* [About this task]:
No line before the one holding "Men's Spider Web" is to be copied; that line and all after it, through the end of the listing, are returned exactly, minus pictures.

* [Exercise data]:
——
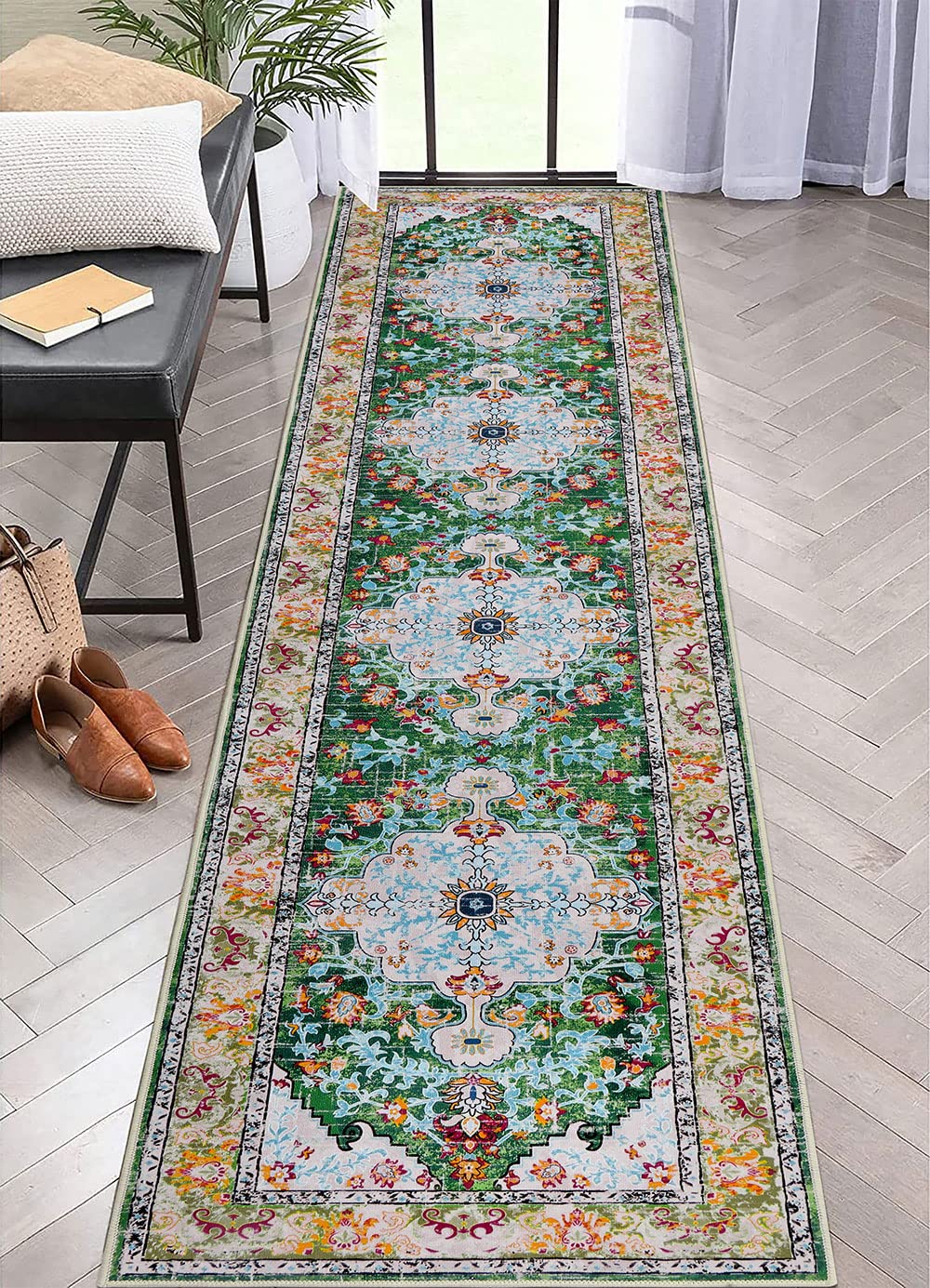 U'Artlines 2' x 10' Boho Hallway Runner Rug, Non Slip Washable Vintage Farmhouse Accent Area Rug Carpet for Kitchen Entryway Laundry and Living Room (Green) Image U'Artlines 2' x 10' Boho Hallway Runner Rug, Non Slip Washable Vintage Farmhouse Accent Area Rug Carpet for Kitchen Entryway Laundry and Living Room (Green) Image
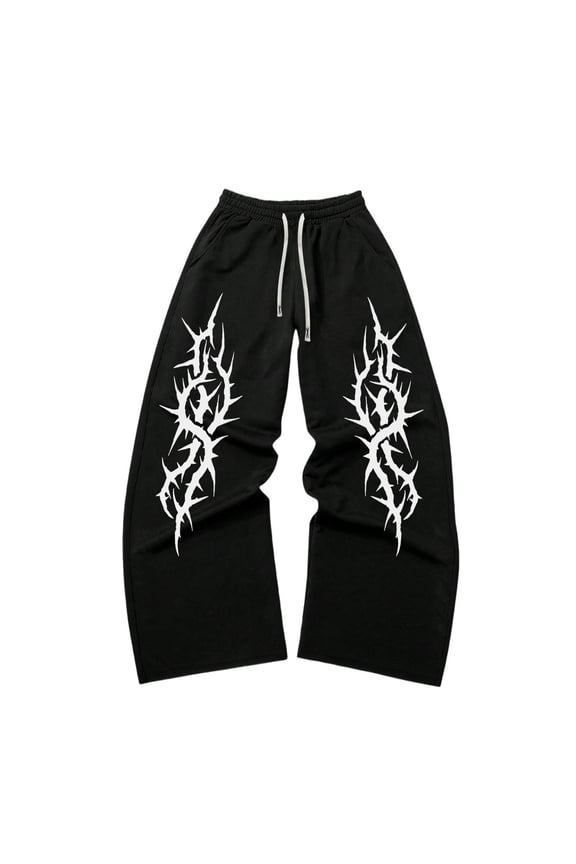 Men's Spider Web Star Print Baggy Gothic Sweatpants Y2k Pants Mens Goth Graphic Pants Streetwear Elastic Waist Wide Leg Lounge Joggers for Hip Hop Casual Outings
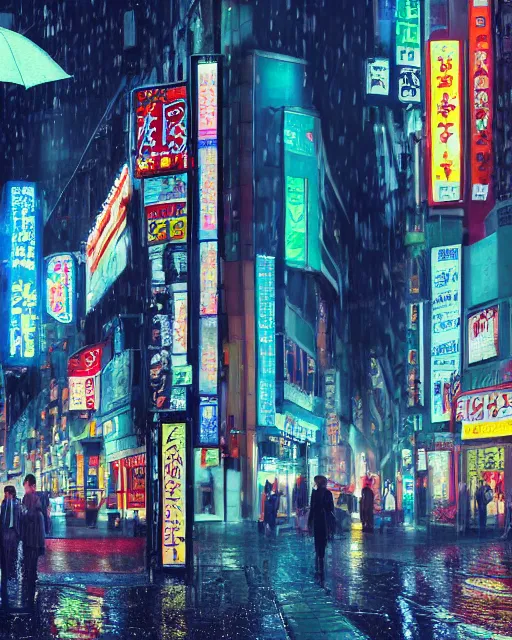 Prompt: realist digital painting of a tokyo street, night with neon signs as the main source of light, raining and lights reflecting off puddles on the street, a woman with an umbrella is walking away from us, unreal engine, hyper realism, realistic shading, cinematic composition, realistic render, octane render, detailed textures, photorealistic, ultrawide shot, 3 5 mm film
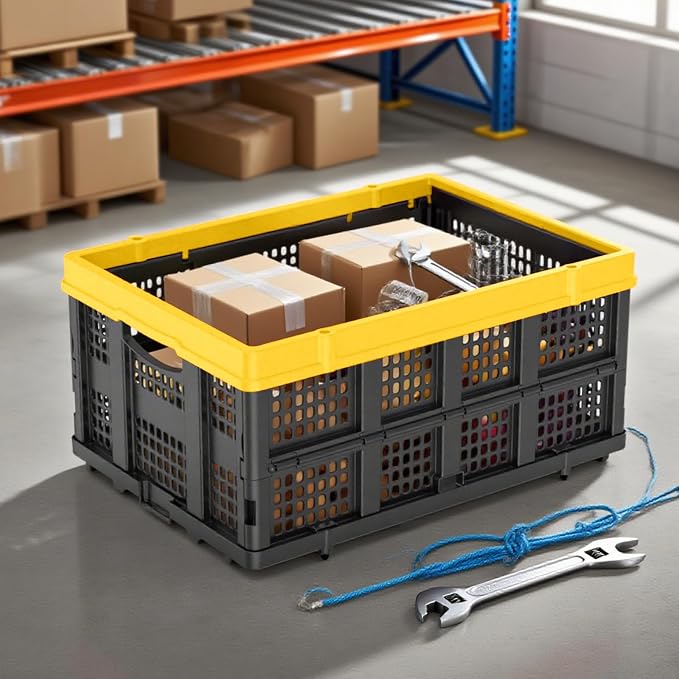 TOLRET 49L Collapsible Crate, Milk Crate for Storage, Foldable Storage Crate, Stackable Crate for Organizing for Home, Shopping, Camping, School, Office, Warehouse, Yellow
——
* [Reply to the task]:
 Men's Spider Web Star Print Baggy Gothic Sweatpants Y2k Pants Mens Goth Graphic Pants Streetwear Elastic Waist Wide Leg Lounge Joggers for Hip Hop Casual Outings
 Prompt: realist digital painting of a tokyo street, night with neon signs as the main source of light, raining and lights reflecting off puddles on the street, a woman with an umbrella is walking away from us, unreal engine, hyper realism, realistic shading, cinematic composition, realistic render, octane render, detailed textures, photorealistic, ultrawide shot, 3 5 mm film
 TOLRET 49L Collapsible Crate, Milk Crate for Storage, Foldable Storage Crate, Stackable Crate for Organizing for Home, Shopping, Camping, School, Office, Warehouse, Yellow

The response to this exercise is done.